Sözün özü,siz sosyal misiniz?

Değerli Prof. Tomanbay’ın saptamalarıyla bitirelim isterseniz.

“Sosyal olmak boyutlu olmaktır.

Sosyal olmak boyutlarını sürekli genişletmeye istekli ve hevesli olmaktır.

Sosyal olmak toplumda soluk almaktır.

Sosyal olmak varolmaktır.

Eğer;

Bir çocuk,düşman bir çevrede yaşarsa,kavga etmeyi öğrenir.
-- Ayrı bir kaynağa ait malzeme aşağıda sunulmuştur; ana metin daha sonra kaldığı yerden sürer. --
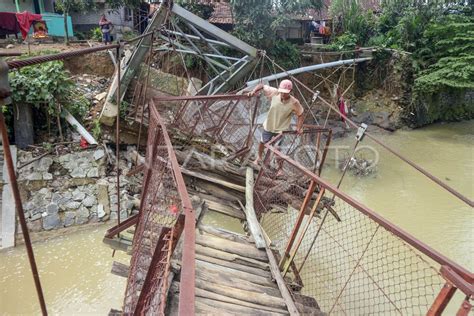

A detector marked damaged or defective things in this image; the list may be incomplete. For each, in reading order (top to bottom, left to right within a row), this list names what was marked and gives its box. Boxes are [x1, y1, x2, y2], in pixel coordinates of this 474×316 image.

rusty metal railing [124, 100, 196, 314]
broken wooden plank [244, 168, 266, 249]
broken wooden plank [111, 260, 130, 278]
broken wooden plank [197, 225, 254, 244]
broken wooden plank [195, 232, 268, 262]
broken wooden plank [195, 243, 270, 270]
broken wooden plank [195, 253, 270, 278]
rusty metal railing [254, 142, 472, 314]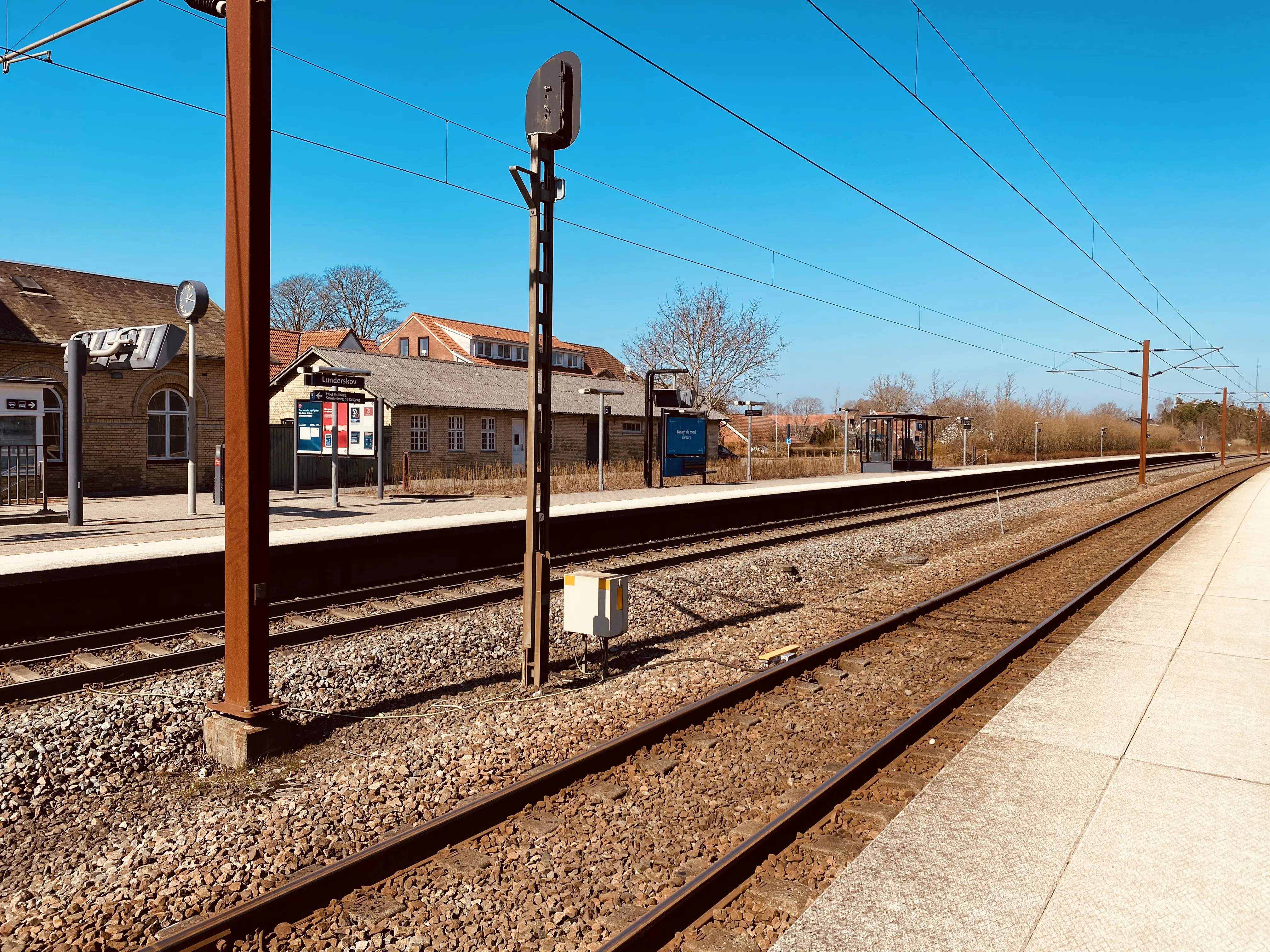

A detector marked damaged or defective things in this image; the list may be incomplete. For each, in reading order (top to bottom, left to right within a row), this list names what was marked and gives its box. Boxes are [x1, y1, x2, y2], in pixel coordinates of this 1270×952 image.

rusty metal pole [209, 0, 282, 731]
rusty metal pole [521, 134, 556, 690]
rusty metal pole [1143, 340, 1153, 485]
rusty metal pole [1214, 388, 1224, 469]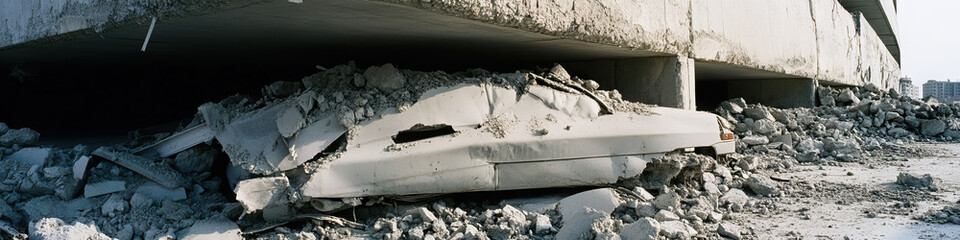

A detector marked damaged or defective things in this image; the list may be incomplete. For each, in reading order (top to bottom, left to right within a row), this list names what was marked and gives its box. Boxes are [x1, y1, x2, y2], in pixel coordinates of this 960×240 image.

Bir çocuk korku içinde yaşarsa,korkmayı öğrenir.

Bir çocuk acıyan insanlarla beraber yaşarsa,kendini zavallı hissetmeyi öğrenir.

Bir çocuk kıskançlık içinde yaşarsa nefret etmeyi öğrenir.

Bir çocuk,ona cesaret veren bir çevrede yaşarsa, kendine güvenmeyi öğrenir.

Bir çocuk onu öven bir çevrede yaşarsa,o da takdir etmesini öğrenir.

Bir çocuk sevgi içinde yaşarsa, sevmeyi öğrenir.

Bir çocuk kendine değer veren bir çevrede yaşarsa,bir gayesi olduğunu öğrenir.

Bir çocuk dürüst muamele görürse,adaletin ne olduğunu öğrenir.

Bir çocuk doğruluk içinde yaşarsa,hakikatin ne olduğunu öğrenir.

Bir çocuk daima dostluk,güler yüz ve anlayış gösteren bir çevrede yaşarsa ,dünyanın içinde yaşanacak güzel bir yer olduğunu öğrenir.